Отзыв: Фильм "Караваджо" (1986) - Нож
Достоинства: Вызывающая красота, смыслы, изящное хулиганство, кастинг
Недостатки: О художнике надо знать заранее, иначе будешь думать, что он такой и был. И так всё оно и было. А это почти не так
Были люди, чьи кости истлели, но чья жизнь, ставшая мифом, до сих пор не даёт покоя, чья биография столь же притягательна, сколь творчество, домыслы о ком столь же будоражат, сколь факты. Микеланджело Меризи из города Караваджо, кто же ты был? Вправду был ты похожим на короля и бандита одновременно?
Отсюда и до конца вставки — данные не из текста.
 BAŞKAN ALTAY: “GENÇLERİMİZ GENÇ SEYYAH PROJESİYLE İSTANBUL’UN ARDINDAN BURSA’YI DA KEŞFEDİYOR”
Остался твой портрет, написанный товарищем, - крупные капризные губы, с которых вот-вот слетит что-то обидное, и спокойные, почти грустные глаза. Вправду ты мог, как сыгравший тебя актёр, - и лучшей роли у него не было, - то едва сквозь зубы не сплёвывать и в лихой федоре целовать красавца, то замирать у стены самозваным аристократом, одетым в изысканную печаль? Алпатов сказал однажды: было в нём какое-то пламя. Каким языком говорить о пламени?...
Фильм 1986 года, призёр Берлинского кинофестиваля, наверное, выбрал лучший язык из возможных, - язык ереси, а не канона, лучший жанр, - не байопик, плывущий от вехи к вехе, но сон, идущий перед глазами мертвеца, сон о жизни, где не важны уже соответствия, где остались пустота, тьма, свет, любовь и безумие, и бесконечное творчество, не помнящее создателя, где жизнь упирается в задник, а смерть выводит на простор моря. Где время не имеет значения, потому что уже соприкасается с вечностью.
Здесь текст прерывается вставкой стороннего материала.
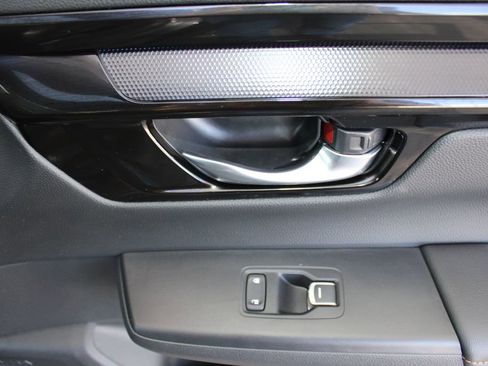 Used 2025 Honda CR-V Sport Touring image 47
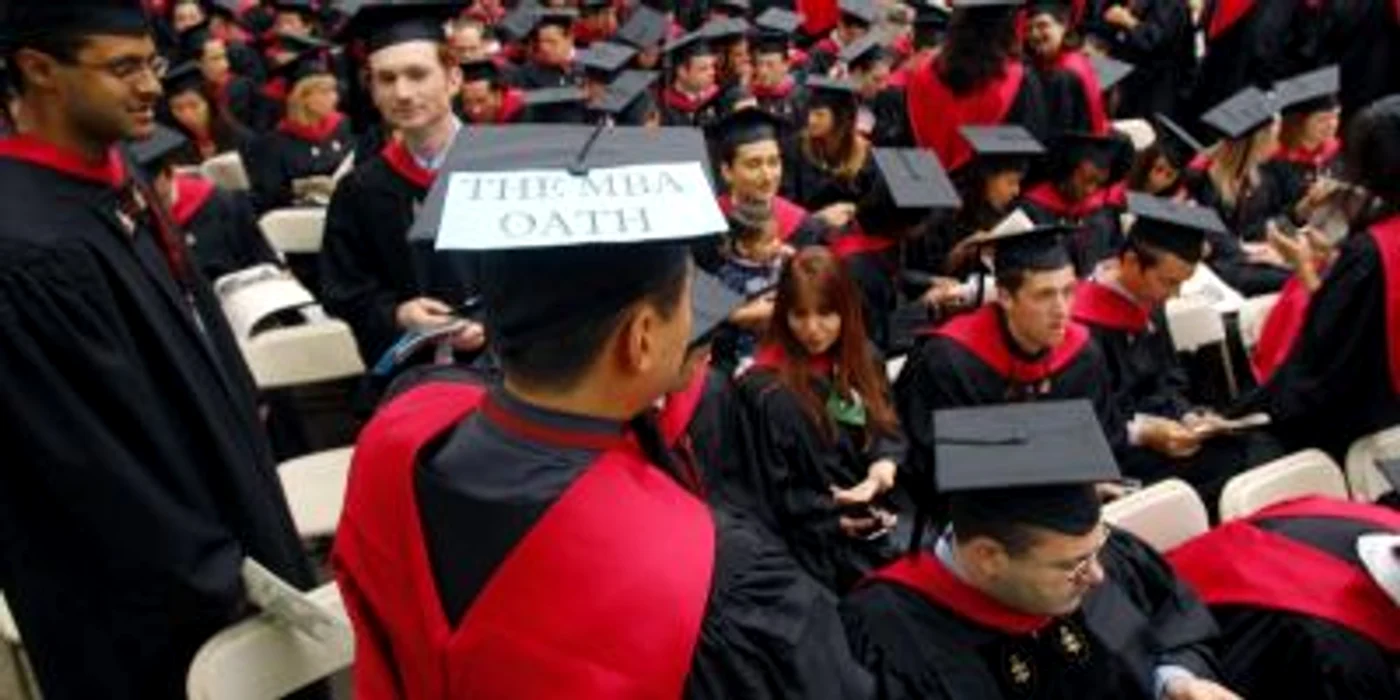 Românii şcoliţi la Harvard nu intenţionează să revină în ţară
Караваджо умирает; его узкая кровать словно делает пустую комнату ещё более пустой, слышен шум моря, рядом молодой немой спутник; звучит голос умирающего потоком затухающего сознания, и не то Дерек Джармен, не то сам дьявол воссоздаёт громоздко, неверно и точно, картины былой жизни. Почти никто, говоря киноязыком о художнике, не избегает кьяроскуро, этих резких перекличек тьмы и света, и живых картин. Никто не избегает того, чтобы живую некогда жизнь сделать символом бунта, бунта против сиюминутных врагов. Но этикетки лишь соблазн; художник Джармен решает свои художественные задачи, пытаясь вступить в унисон с чужим видением красоты и правды. Почти никто, говоря о Караваджо, не избегал копирования. У Джармена на холстах Караваджо не натурализм/барокко, - оно всё на развернутом кубе времени оказывается в глянцевом каталоге, - но постимпрессионизм всех братьев Лантье в чистом виде, к которому, конечно, через века художник не мог перепрыгнуть, но пути к которому он проторил. Ни Рембрандту, ни Рубенсу, Веласкесу, даже Мане он не собирался быть отцом, никакого визуала не старался создавать; слэшером не был; визуал живёт и растёт сам, питаясь удобренной почвой.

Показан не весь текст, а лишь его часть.